Originally Posted by stefeb
Most likely picking up my new LT next week. Have the 600 mile break in period ahead of me.
Question: Could someone post an rpm shifting point guidline? I realize this can be different based upon riding styles, but I'm looking for some ballpark parameters.
1st to 2nd gear at 2000 rpm.
2nd to 3rd gear at 3000, etc.
That information will be helpful to me, as I move from a HD rpm/shifting background.
There is no specific gear to RPM shift point that is best. However, your stated RPMs are what someone coming from a big V-Twin would think. You have to completely un-learn those low RPM levels to get a happy LT!
AFTER you get past the first 600 miles, work on learning how to make the fat lady sing! The K engine just starts getting happy around 4,000 RPM, and the best range to keep it in is 3500-7500. Below 3000 is really only good for cruising in fuel saving mode. If you have to accellerate quickly for any reason you really need it to be above 3500.
In the twisties when having fun, keep it between 3500 and 7500 and you will enjoy the performance available to you. Accellerating from below 3000 is not only sluggish in comparison, it is not good on the engine. The crank bearing journals on the LT are much smaller than on big V-twin engines, so the hydrodynamic oil "wedging" force on the oil film is low due to the low surface speed. Crank and rod bearings depend on surface speed to develop the oil film hydrodynamic pressure to withstand the piston loading under high throttle. Slow RPM reduces the oil film pressure, and that is why "lugging" the engine is bad. Hard accelleration at low RPM can bring the bearing into near contact with the crank journals, such that any particulate matter in the oil can start bearing scoring. Worst case the bearing actually comes into contact with the crank journal. Engines with much larger bearing journals can run at respectively lower RPM and still have enough bearing surface speed.
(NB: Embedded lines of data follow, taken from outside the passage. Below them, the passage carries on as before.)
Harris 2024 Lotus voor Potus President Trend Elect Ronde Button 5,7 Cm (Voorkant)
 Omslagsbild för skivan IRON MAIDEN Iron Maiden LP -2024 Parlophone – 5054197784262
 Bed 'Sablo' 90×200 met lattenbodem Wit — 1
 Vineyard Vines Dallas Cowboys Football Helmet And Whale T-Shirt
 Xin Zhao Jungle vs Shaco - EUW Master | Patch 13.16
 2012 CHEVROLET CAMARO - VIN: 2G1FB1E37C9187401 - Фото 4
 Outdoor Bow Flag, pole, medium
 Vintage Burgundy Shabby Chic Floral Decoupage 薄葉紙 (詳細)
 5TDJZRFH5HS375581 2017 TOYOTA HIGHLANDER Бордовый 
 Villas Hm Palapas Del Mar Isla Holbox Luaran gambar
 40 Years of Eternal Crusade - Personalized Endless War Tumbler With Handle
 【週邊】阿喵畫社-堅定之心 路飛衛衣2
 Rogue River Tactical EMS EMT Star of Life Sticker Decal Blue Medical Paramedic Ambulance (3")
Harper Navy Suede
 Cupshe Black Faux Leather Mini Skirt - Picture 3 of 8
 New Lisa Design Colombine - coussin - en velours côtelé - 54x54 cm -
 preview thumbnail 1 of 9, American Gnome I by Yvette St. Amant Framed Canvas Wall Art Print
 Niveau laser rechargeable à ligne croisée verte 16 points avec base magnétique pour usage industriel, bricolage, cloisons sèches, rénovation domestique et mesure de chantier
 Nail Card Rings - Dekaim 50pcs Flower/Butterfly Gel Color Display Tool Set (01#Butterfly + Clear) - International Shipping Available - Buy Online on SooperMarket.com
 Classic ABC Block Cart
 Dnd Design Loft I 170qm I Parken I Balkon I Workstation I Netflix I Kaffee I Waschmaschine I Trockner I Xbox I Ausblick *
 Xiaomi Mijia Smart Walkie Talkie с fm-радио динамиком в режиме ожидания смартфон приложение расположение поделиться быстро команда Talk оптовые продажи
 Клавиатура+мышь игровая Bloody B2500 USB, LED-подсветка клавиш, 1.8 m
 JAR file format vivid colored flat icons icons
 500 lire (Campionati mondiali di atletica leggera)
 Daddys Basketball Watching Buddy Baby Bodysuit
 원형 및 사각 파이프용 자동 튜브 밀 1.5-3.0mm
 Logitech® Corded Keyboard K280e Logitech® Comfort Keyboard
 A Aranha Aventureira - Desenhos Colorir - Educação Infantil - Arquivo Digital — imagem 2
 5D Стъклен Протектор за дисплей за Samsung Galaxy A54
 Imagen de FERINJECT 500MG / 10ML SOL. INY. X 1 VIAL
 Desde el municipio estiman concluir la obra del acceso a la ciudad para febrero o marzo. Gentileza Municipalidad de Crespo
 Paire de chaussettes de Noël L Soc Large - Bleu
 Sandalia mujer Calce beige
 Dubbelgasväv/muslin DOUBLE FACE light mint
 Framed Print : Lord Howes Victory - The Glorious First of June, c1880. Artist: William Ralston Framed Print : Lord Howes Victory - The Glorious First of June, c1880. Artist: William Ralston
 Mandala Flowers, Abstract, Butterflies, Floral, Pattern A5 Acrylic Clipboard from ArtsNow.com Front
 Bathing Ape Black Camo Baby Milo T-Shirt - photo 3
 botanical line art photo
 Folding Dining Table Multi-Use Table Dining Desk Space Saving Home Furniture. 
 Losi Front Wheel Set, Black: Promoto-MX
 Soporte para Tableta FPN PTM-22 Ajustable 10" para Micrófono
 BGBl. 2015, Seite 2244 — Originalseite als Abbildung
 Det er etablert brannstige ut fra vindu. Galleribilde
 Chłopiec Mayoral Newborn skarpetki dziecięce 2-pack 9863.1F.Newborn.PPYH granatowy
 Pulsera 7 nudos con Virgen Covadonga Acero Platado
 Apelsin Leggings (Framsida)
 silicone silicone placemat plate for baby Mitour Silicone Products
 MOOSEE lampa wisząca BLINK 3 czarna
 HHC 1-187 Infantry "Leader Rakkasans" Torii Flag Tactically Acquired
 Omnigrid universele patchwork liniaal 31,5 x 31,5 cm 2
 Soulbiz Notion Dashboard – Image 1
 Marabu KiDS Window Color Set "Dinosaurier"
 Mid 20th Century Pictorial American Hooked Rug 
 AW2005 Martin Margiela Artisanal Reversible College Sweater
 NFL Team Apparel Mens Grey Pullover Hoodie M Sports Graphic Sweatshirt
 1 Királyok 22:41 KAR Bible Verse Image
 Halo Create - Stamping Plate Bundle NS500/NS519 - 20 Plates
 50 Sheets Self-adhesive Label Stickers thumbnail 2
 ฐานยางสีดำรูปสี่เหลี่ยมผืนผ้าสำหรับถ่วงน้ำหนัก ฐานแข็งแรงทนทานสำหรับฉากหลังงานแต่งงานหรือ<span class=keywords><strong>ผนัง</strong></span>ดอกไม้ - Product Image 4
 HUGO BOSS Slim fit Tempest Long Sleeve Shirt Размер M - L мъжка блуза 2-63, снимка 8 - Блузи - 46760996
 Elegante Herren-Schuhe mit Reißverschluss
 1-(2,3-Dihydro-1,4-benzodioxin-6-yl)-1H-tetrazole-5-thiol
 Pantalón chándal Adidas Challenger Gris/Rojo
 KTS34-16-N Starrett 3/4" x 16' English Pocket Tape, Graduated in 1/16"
Many of us shift at 3000-3500, but it is DOWN
After you get comfortable with the bike, and past the 600 mile and first oil change, go out and experiment with this, and you will find pretty quickly that you should not run this engine like you are used to riding the Harley. Test accellerating from different speeds in different gears at different RPMs, and you will see how much quicker you can move out if the starting RPM is above 3500. Be careful though, the first time you wind it out to 7000 or so in first gear and hit second hard it may scare you! You will have never felt that with the Harley.